James W. Loewen (1942-2021)

We mourn the loss of our friend and colleague and remain committed to the work he began.

Essay 5: Confederate Public History

Recognizing that inaccurate history often subtly promotes continuing white supremacy, the National Education Association (NEA) commissioned these articles and has posted some of them in slightly different form at its website. I thank Harry Lawson and others at NEA for the commission, for editorial suggestions, and for other assistance.

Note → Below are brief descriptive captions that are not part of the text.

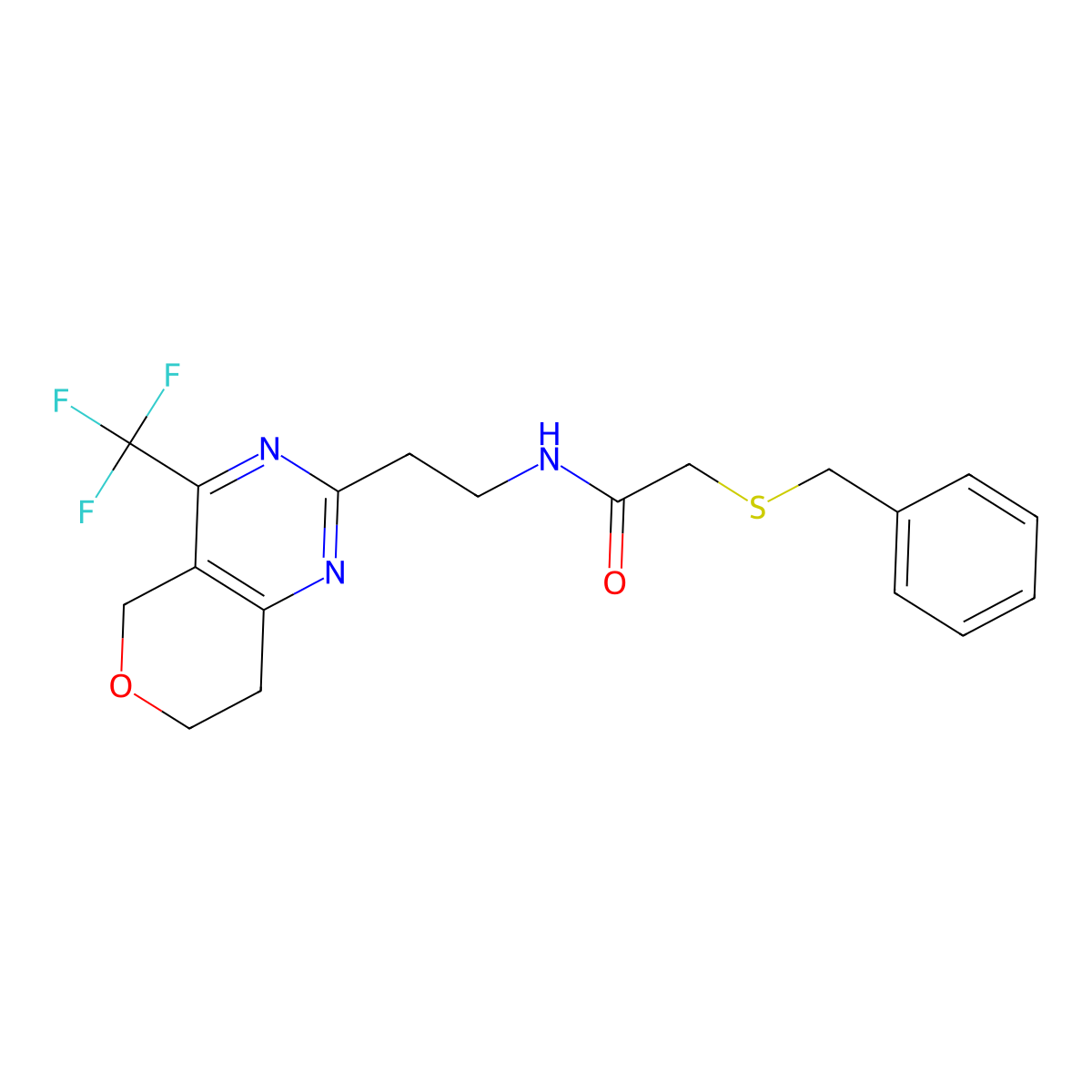 2-(benzylthio)-N-(2-(4-(trifluoromethyl)-7,8-dihydro-5H-pyrano[4,3-d]pyrimidin-2-yl)ethyl)acetamide molecular structure, CAS 2034336-37-1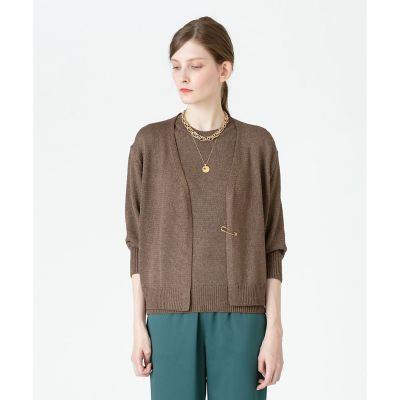 ＜allureville (Women)＞シャイニーラメコードショートカーディガン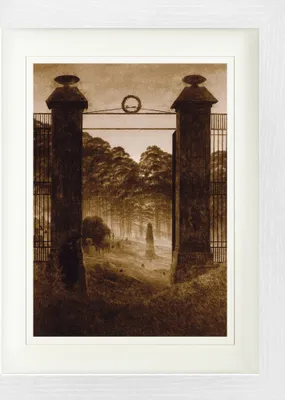 Obrázek produktu pro Caspar David Friedrich Zarámovaný obraz s elegantní paspartou | Obrazy na zeď | V rámu - Vchod na hřbitov, 1825, sépie (40 x 30 cm)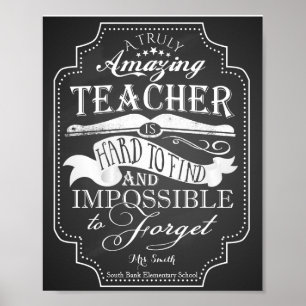 Póster Amazing teacher is impossible to forget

Across the South — and much of the North too — Confederate flags, monuments and names dot our landscape. After Dylann Roof’s June 2015 murders of nine African American church-goers in Charleston, South Carolina, many people began to question these memorials and symbols. A month later, Gov. Nikki Haley signed a bill removing the Confederate Battle Flag from South Carolina’s state capitol. Then Mayor Mitch Landrieu led New Orleans to take down three Confederate statues and a “White League” monument in that city. From Helena, Montana, to Orlando, Florida, citizens have been challenging other Confederate monuments. Americans are also questioning honors to other avowed racists, such as John C. Calhoun in Minneapolis, Orville Hubbard in Dearborn, and Edwin DeBarr at the University of Oklahoma.

These controversies offer wonderful teachable moments. Suddenly communities display new interest in U.S. history. Teachers can get students involved in researching the issues.

The main point to get across is that every monument is “a tale of two eras” — what it’s about and when it went up. A monument — or historical movie, play, or novel — may say nothing accurate about the former, but it always reveals something about the latter. After students realize this, they learn twice as much when they encounter the past on the landscape, on screen, or in print.

Consider South Carolina’s monument for its Gettysburg soldiers. It states, “Abiding faith in the sacredness of states rights provided their creed here.” An earlier essay in this series quoted the “Declaration of the Immediate Causes Which Induce and Justify the Secession of South Carolina.” Actually, the state’s leaders opposed states’ rights. So the monument is flatly wrong about the 1860s.

Students who research the stone learn that it went up in 1965. At that time, South Carolina’s leaders indeed believed “in the sacredness of states rights,” which they used to try to stave off U.S. insistence that they desegregate their schools and let African Americans vote. So the monument has something to teach about the 1960s.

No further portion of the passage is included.